Discord isn’t exactly known for generous file-sharing limits, still, the messaging app offered a 25MB limit to free users. The company has now updated its support page to reflect the upload limit for free users has been lowered to 10MB.
Discord isn’t exactly known for generous file-sharing limits, still, the messaging app offered a 25MB limit to free users. The company has now updated its support page to reflect the upload limit for free users has been lowered to 10MB.
Huh, I wonder how enshitified it has to get before I stop seeing discord on FOSS projects.
It begins lol.
I don’t understand why this was even a thing to begin with. FOSS projects using non-FOSS platforms is kinda weird, especially platforms with unclear financial situations like Discord.
Because you don’t need to have significant experience or rent a VPS in order to do that, and I can respect that. We don’t need to force FOSS developers to become proficient in everything.
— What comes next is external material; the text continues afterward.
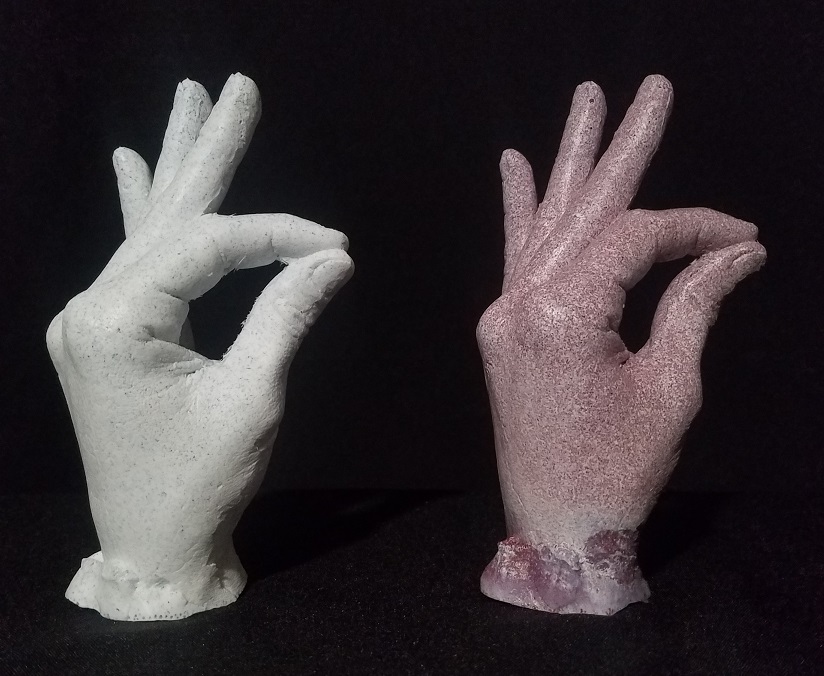 2 casts of female hand with a granite look:cherry read and light blue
What needs to happen is some kind of tool (ideally FOSS) that lets you spin up an actual forum with the same difficulty to set it up as Discord.
I’m not saying you have to self-host… You could still use something that’s open-source and remotely hosted.
Sentry (error logging and bug reporting system) is like this for example. They have a hosted plan, including a generous free plan for open-source projects, but Sentry itself is open-source.
That looks like a really nice policy. But my question then becomes, what happens if the company sells out someday? What if they get bought out by a larger company, or a private equity firm? Did they take funding, and if so, how much leverage do the funders have to influence them to make money and cut out programs like this?
It’s great to see companies trying to break that trend and I highly commend them for it! But we have already seen this pattern a million times before and it always ends due to something similar to this.
It is, but then again many (most) are hosted on GitHub.